Storie di vita che si raccontano e si commentano da sole con le tristi immagini di figure spesse volte barcollanti perse tra i fumi dell’alcool, della droga, di vicissitudini familiari che li ha portati a vivere in strada spingendoli a cercare denaro, cibo, vestiti da poter utilizzare.
C’è l’impegno di tutti, associazioni, volontari, la Chiesa, lo stesso Comune che di recente ha aperto in una struttura dapprima dedicata allo sport (il “Palloncino”) un servizio docce che almeno porterà e potrà rendere meno disagiato il cammino di queste sfortunate persone.
Molti sono stati accolti in qualche centro di accoglienza ma altri preferiscono ancora stare lontano da tutti e da tutti vivendo ai margini della società in condizioni davvero inumane esposti al freddo o a qualsiasi pericolo.

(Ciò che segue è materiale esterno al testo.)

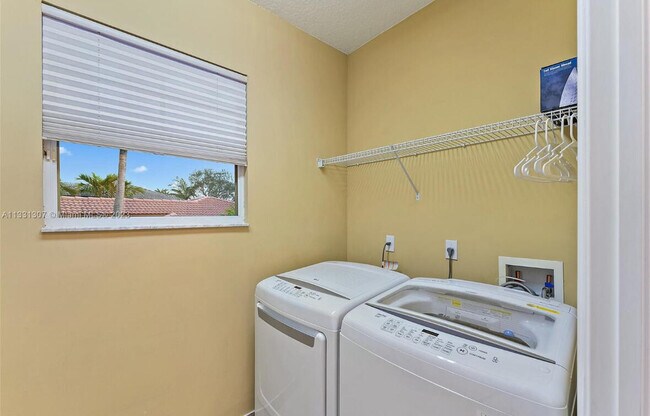 Building Photo - 834 Madison Ct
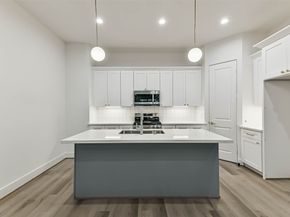 7709 Earl Rudder Way, Houston TX 77055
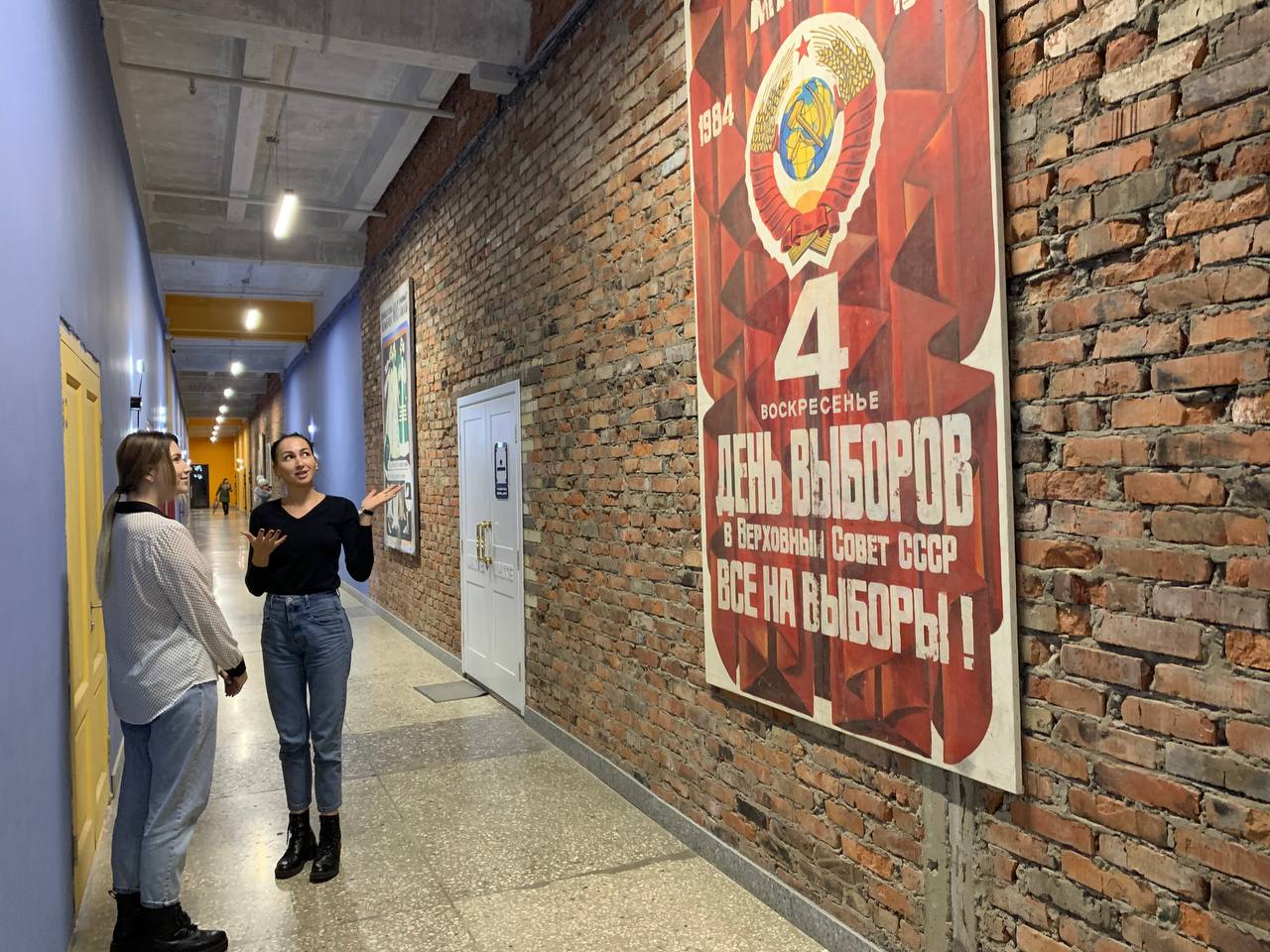 Два года назад «Ключ-Медиа» уже писал о возможности открытия музея ретро-вывесок в лофт-пространстве «Фабрика». Задумку предложила руководитель рекламно-производственной фирмы Антонина Пушкарева. Мы решили поинтересоваться у нее: как обстоят дела?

Anime vaganti che è possibile scorgere più volte nelle mense a rifocillarsi ricurvi sulle loro spalle mentre consumano un pasto caldo e magari, dopo, portare con se un pezzo di pane per la notte.
L’ennesima notte che affronteranno nei soliti luoghi o in altri di recenti scoperti dove passarvi le ore di buio.
Un buio che li vedrà proiettati in questo viaggio dalle mille incognite ancora una volta rannicchiati sotto un portico, un monumento, un vecchio edificio sotto i loro ripari d’emergenza ottenuti con cartoni e coperte con il loro immancabile fardello pieno di ricordi nella speranza che la luce di un nuovo giorno possa risplendere nuovamente alla vita sui loro scarni volti.